Qu'on me permette ici une incise, voir une légère digression. Quand je parle de cuisson précise, c'est afin de bien montrer l'exigence qu'on peut avoir avec le riz, exigence rarissime de l'autre côté des Pyrénées où l'on a la culture des paellas bouillies, franchouillardes, dont le bomba, infâme, explosé, est masqué par une tonnes de crevettes et mollusques débarqués de bateaux-congélateurs venus du bout du Monde. Le grain, ici, est le cœur du plat, un peu comme le haricot dans le cassoulet. Tout ce qu'il y a autour, à commencer par le caldo, le bouillon, n'est là que pour le magnifier. Le riz, donc, doit tenir à la cuisson conserver une texture tout en s'imbibant. Tout cela fait l'objet d'études très techniques entre sa résistance physique, et sa capacité à tomber amoureux, à boire le goût, le parfum de l'autre.

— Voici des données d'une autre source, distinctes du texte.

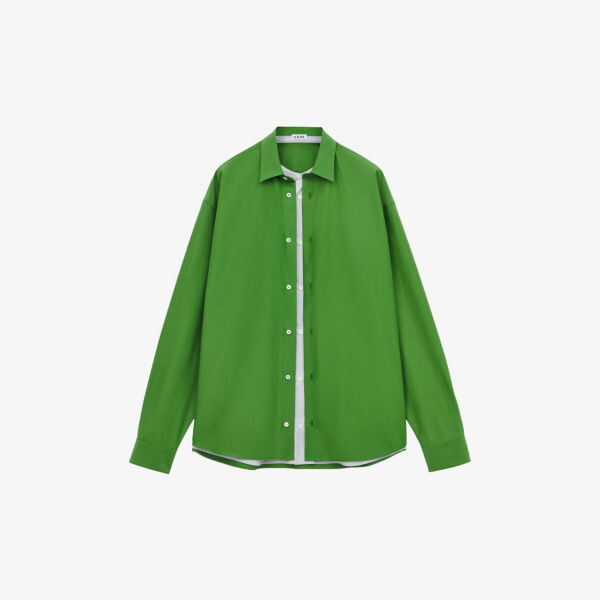 

Рубашка из смесового хлопка с двойными манжетами Loewe, цвет grass/grey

Alors, je sais, les foodistes et les journalistes spécialisés en tendances, en assiettes instagrammées et en communiqués de presse vont me regarder avec un air mi-rigolard, mi condescendant: "le type qui ose parler de bomba, de riz espagnol"…
Car quand tu te piques d'être gastronome, au sens péjoratif, snob du terme, il importe d'avoir des certitudes. Ou en tout cas des préjugés, des avis définitifs surtout pas fondés sur l'expérience. De préférence sur des sujets que tu ne maîtrises pas. Car un peu comme dans le Mondovino ou la fringue, on est dans l'univers des marques et des modes. Il y a ce que l'on doit manger, boire, porter au bon moment. Et bien sûr l'acheter (et de préférence être vu en train de l'acheter) au bon endroit.

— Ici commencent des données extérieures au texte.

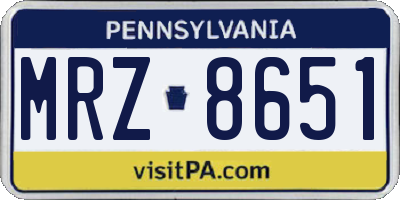 PA license plate MRZ8651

L'épithète "bon" revêt ici toute son importance. Il prend ici la même valeur que dans cette odieuse expression qu'assénaient les belle-mères d'antan, le "bon goût", sorte de continent imaginaire aux frontières floues mais étanches dont le but évident, principal, était de castrer et d'aligner, d'uniformiser.


Le riz, par exemple (on pourrait aussi parler d'huile), "le riz, mon pauvre, ami, c'est forcément italien! L'espagnol est grossier!" vont asséner, dédaigneuses, les belle-mères du "bon goût" de la bouffe. Forcément. Du carnaroli (souvent parce que c'est la seule variété qu'elles connaissent…). Je reconnais d'ailleurs que moi aussi, avant de revenir au bomba d'Illa de Riu, j'ai bricolé avec ce riz à risotto quelques paellas et autres arroces negros, c'était bien, mais le retour aux fondamentaux m'a convaincu, je pense m'être égaré. L'Èbre, tranquillement, puissamment, m'a ramené à la raison.



* Pep, vous savez, le restaurateur de Manresa. Je parlais de lui ici.
** Et peut-être aussi le terrifiant souvenir, les fantômes momifiés du camping de Los Alfaques comme l'on appelait à l'époque, avant la "normalisation linguistique". À la suite de l'accident d'un camion de gaz, de propylène, une vague de feu avait tué deux cent dix-sept personnes, principalement des vacanciers le 11 juillet 1978, carbonisant les installations et la plage attenante.